O que fere seu irmão com uma palavra caluniosa, com um dito de injúria e com alguma difamação, está cometendo um assassinato de honra de seu semelhante. Pois é tão terrível morrer na própria honra como morrer na própria carne.
O que se serve da força física ou da proteção dos poderosos para submeter seus irmãos à truculência das torturas físicas, golpeando-lhe o corpo, que é um templo do Espírito Santo, que é a imagem e semelhança de Deus, a projeção física dessa imagem e semelhança, está agredindo o próprio Deus, e matando sua imagem no corpo que ultraja com a violência de um poder mal colocado em mãos iníquas.
O Cristo Jesus sofreu todas essas mortes. Foi injuriado, caluniado e difamado, quando o trataram de embusteiro, matando-o em sua honra e em sua identidade maior. Mataram-no e continuam matando-o, toda vez que negam o pão-de-cada-dia aos seus filhos, que já não contam com sua presença física para a multiplicação dos peixes.
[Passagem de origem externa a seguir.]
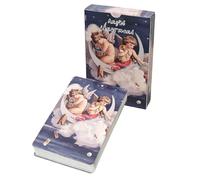 Duqulle Cartas De Tarot - 36 Cartas De Tarot para Fiestas - Mazos De Oráculo | para Fiesta Guía Espiritual Meditación Interpretación De Sueños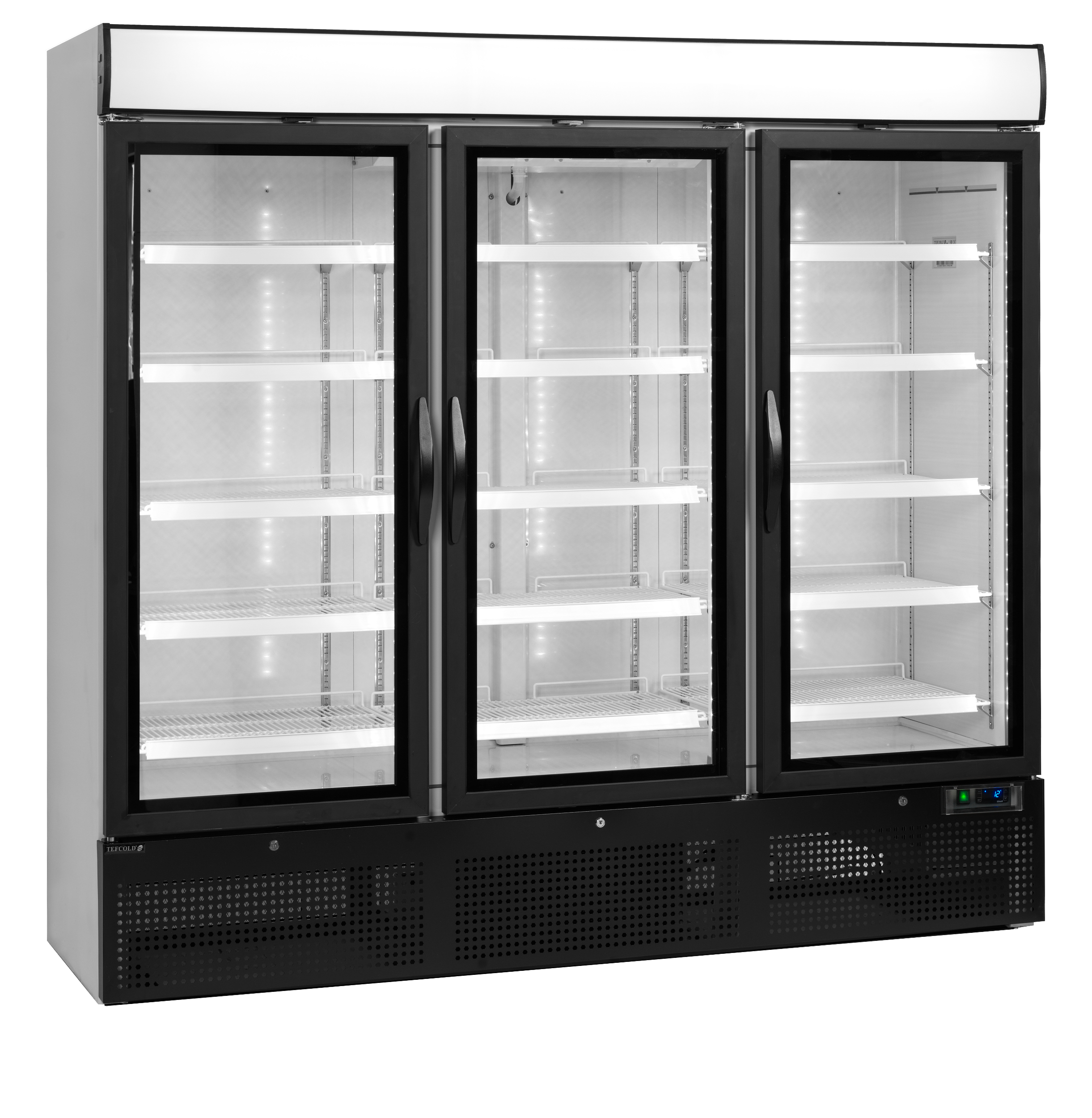 Réfrigérateur vitré TEFCOLD-NC7500G
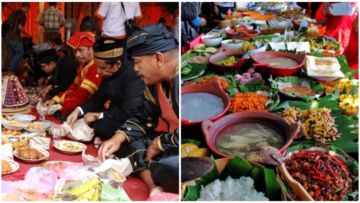 8 Tradisi Makan-Makan Bersama yang Ada di Indonesia, Kamu Pernah Coba yang Mana?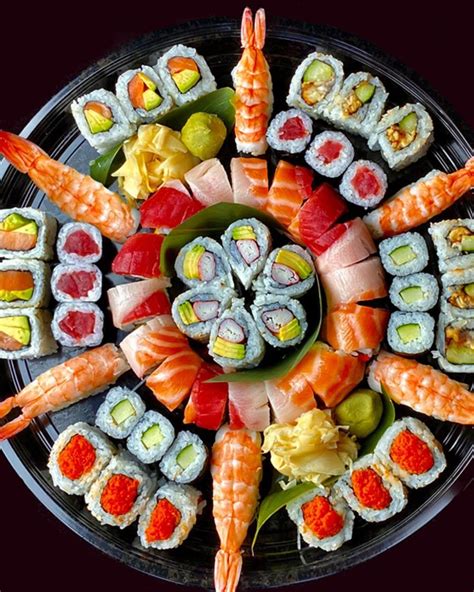 Beautiful Sushi Pictures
Não contentes com todas as mortes infringidas a Jesus, culminaram com a morte propriamente dita, quando, depois de interrogatórios em que O mataram pela humilhação, pela tortura, acabaram matando-o pela morte da cruz, tentando mesmo matar sua própria memória, quando lhe deram por companheiros de agonias dois ladrões. Para que amanhã se dissesse dele também que era um ladrão entre os outros.
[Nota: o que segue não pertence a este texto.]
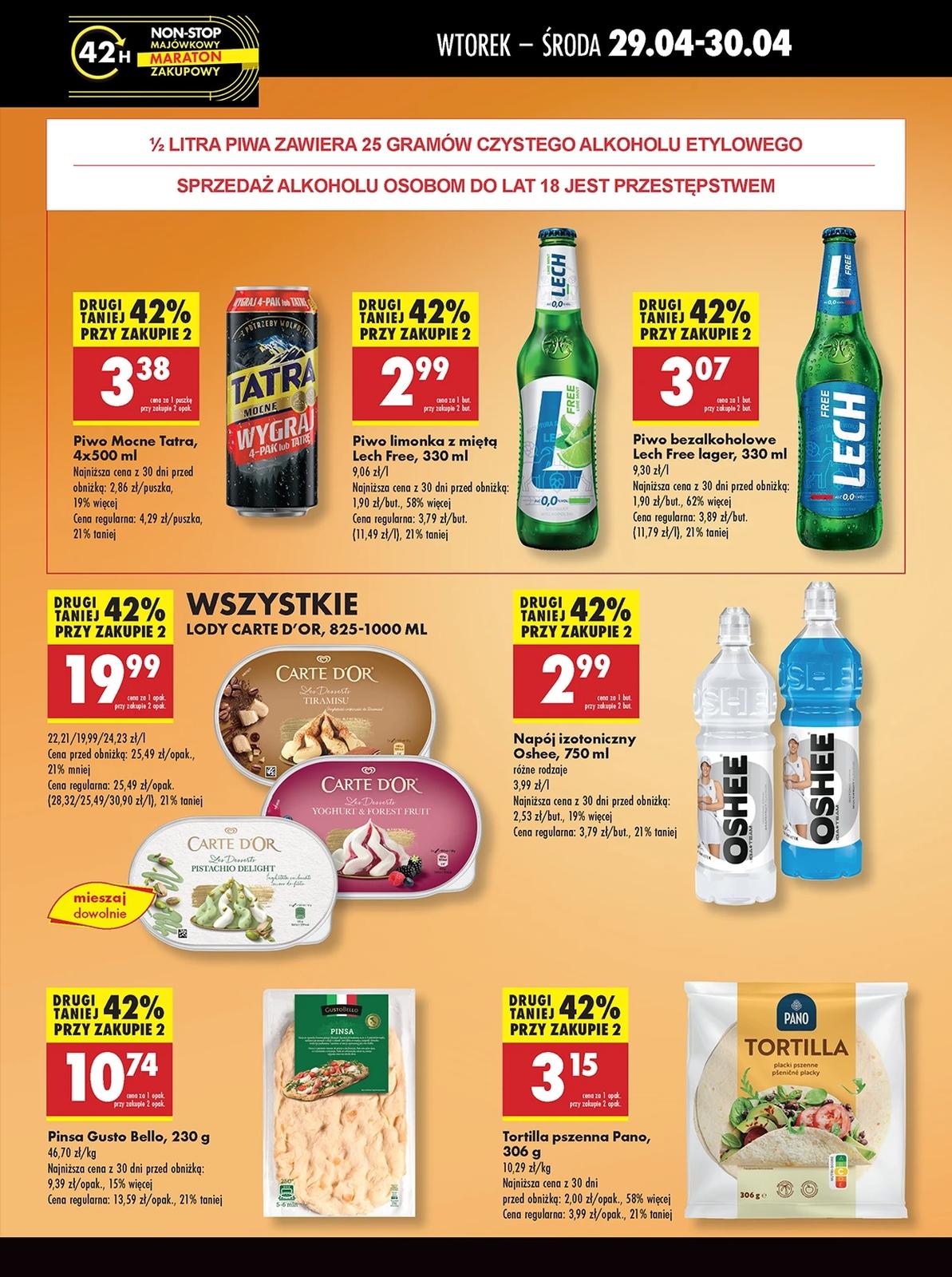 Gazetka promocyjna Biedronka str. 2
Mas Jesus ressurgiu de todas as suas mortes. E nada há mais consolador para os que todo dia morrem, de fome e de sede de justiça, morrem de humilhação, de enfermidades, de agressões, para os que morrem de qualquer forma, em sua honra, em sua reputação, em sua integridade pessoal, morrem pelo ferro, pela palavra ou pela enfermidade, do que o exemplo e a promessa da ressurreição de Jesus Cristo. Porque um dia, todos serão ressuscitados, na justiça e na glória, para a história do mundo ou para a eternidade.


Jean Baptiste Massillon (1663-1742) é considerado um dos maiores oradores sacros da Igreja Católica. Pregador da capela real, alcançou fama extraordinária com algumas de sua orações fúnebres, e com a sequência de seus Sermões da Quaresma em Montpellier. Professor dos seminários de Montbrisson, Viena e Magloire. Pregou no púlpito de Saint-Honoré, e sua fama de pregador foi tão grande como a de Bossuet e Bourdalone. Foi famoso seu sermão sobre o pequeno número dos eleitos, que provocou o pranto e o terror de toda a corte francesa. Escreveu vária obras filosóficas e morais, e o texto que hoje publicamos é um fragmento de um se seus sermões sobre o sábado de Aleluia.